-- INPUT MATERIAL --
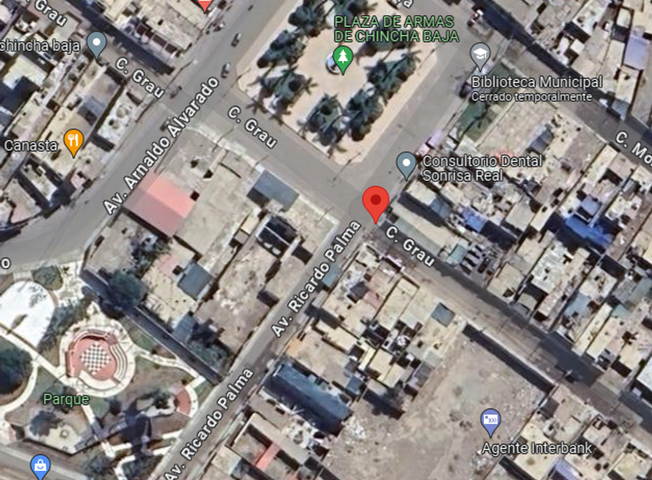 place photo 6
--
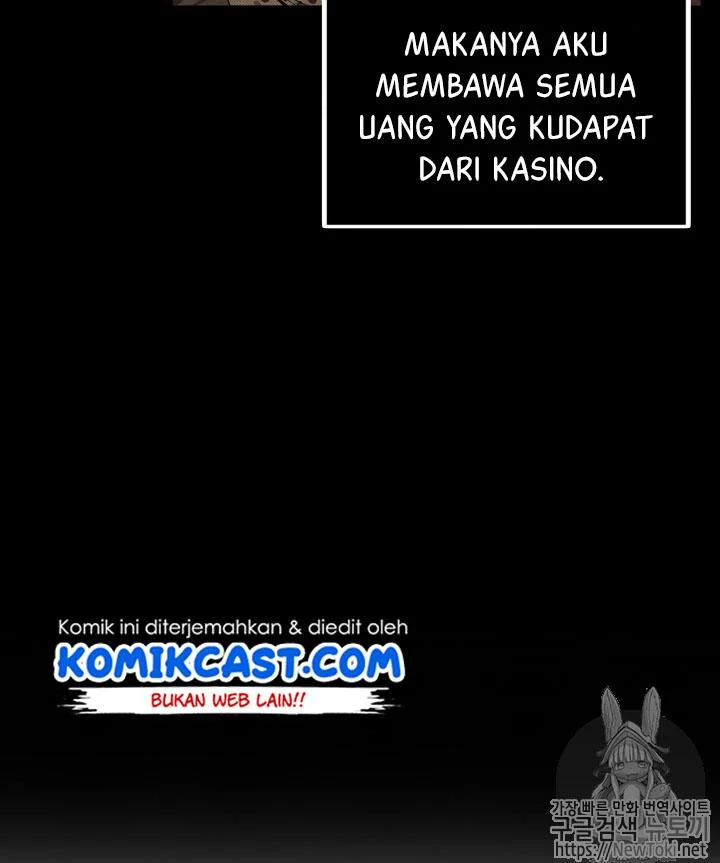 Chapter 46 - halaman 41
---
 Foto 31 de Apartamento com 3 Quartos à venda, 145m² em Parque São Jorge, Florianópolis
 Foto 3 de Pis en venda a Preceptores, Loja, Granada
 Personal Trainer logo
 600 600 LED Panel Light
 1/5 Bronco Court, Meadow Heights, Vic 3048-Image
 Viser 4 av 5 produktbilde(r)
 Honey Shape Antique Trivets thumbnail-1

-- DIRECTIONS --
"Foto" is the string to look for; please copy every line of the records above where it appears.

-- RESULT --
 Foto 31 de Apartamento com 3 Quartos à venda, 145m² em Parque São Jorge, Florianópolis
 Foto 3 de Pis en venda a Preceptores, Loja, Granada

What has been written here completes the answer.